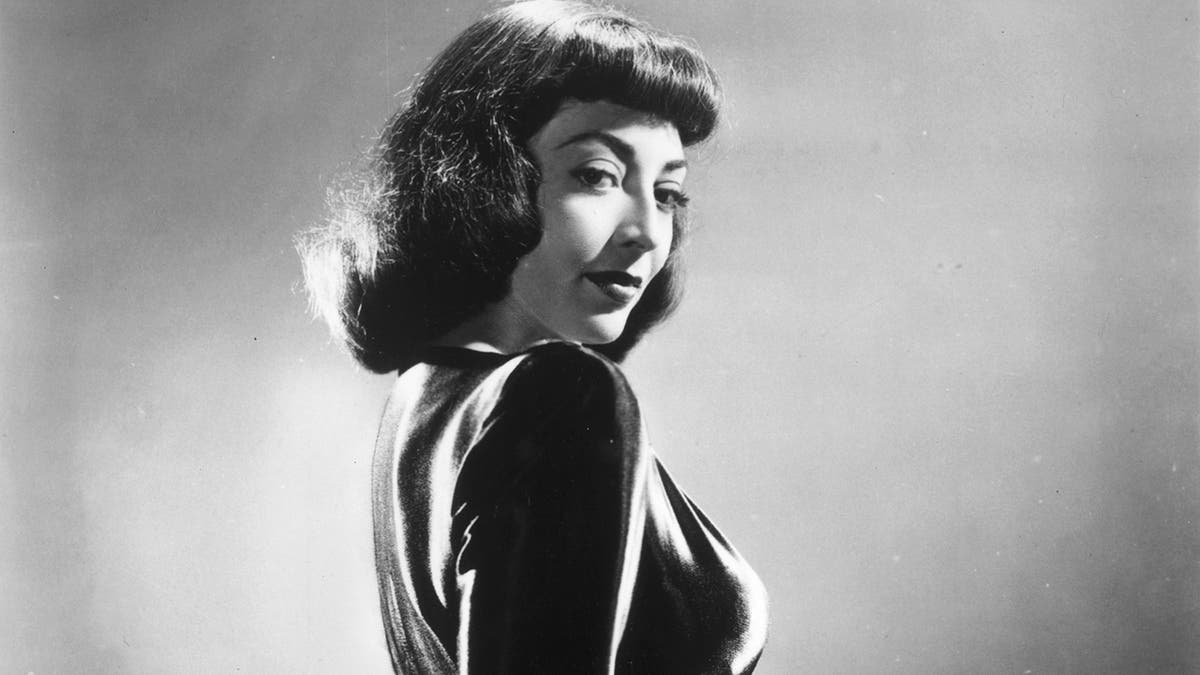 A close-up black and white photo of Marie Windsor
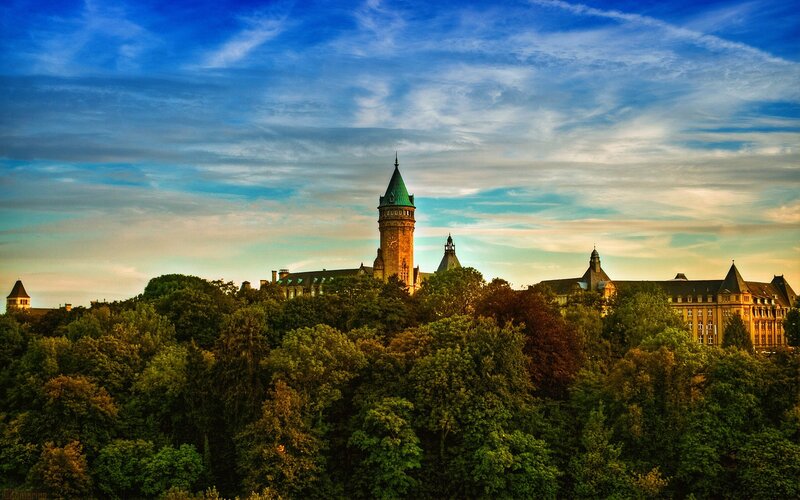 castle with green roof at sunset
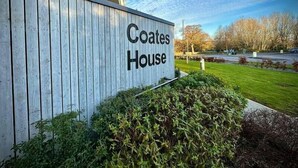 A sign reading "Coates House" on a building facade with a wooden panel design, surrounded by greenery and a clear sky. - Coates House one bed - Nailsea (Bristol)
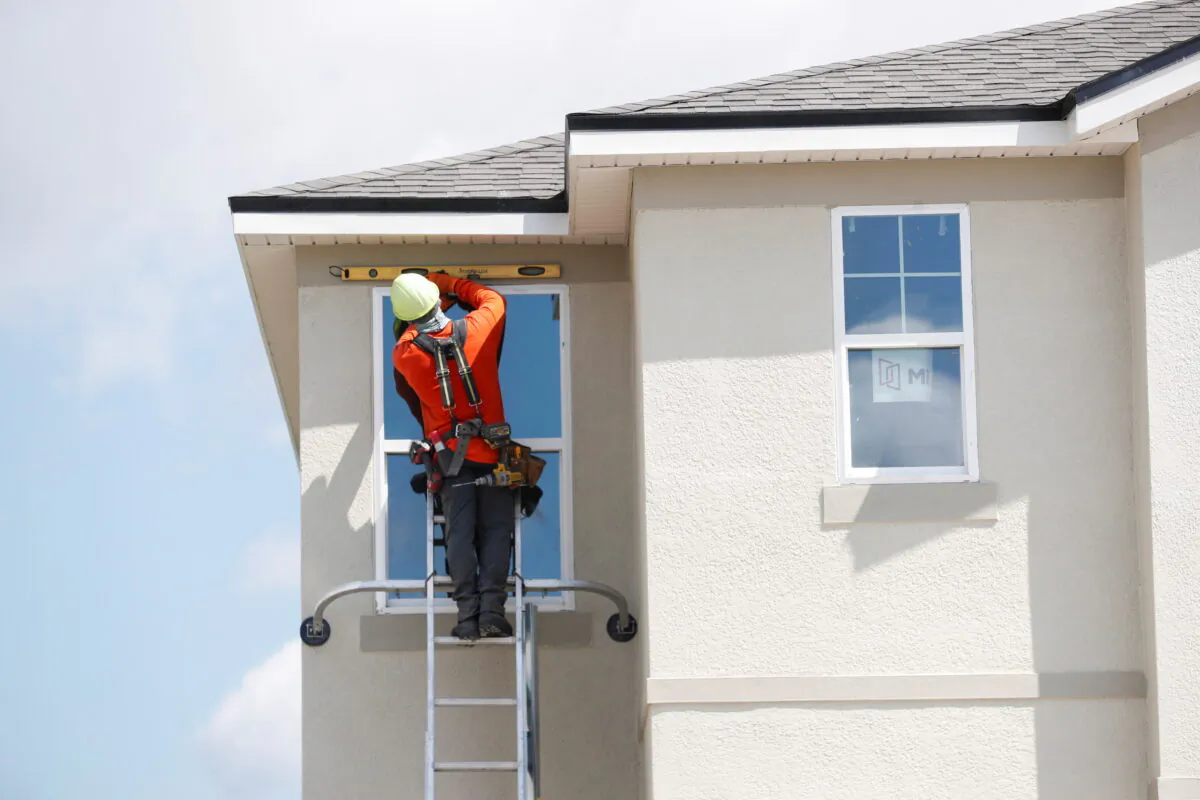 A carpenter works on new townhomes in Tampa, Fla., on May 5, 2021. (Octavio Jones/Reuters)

-- -- --

▸ **About this task**
When copying, output the data exactly and leave out the pictures.

▸ **Expected output**
 A close-up black and white photo of Marie Windsor
 castle with green roof at sunset
 A sign reading "Coates House" on a building facade with a wooden panel design, surrounded by greenery and a clear sky. - Coates House one bed - Nailsea (Bristol)
 A carpenter works on new townhomes in Tampa, Fla., on May 5, 2021. (Octavio Jones/Reuters)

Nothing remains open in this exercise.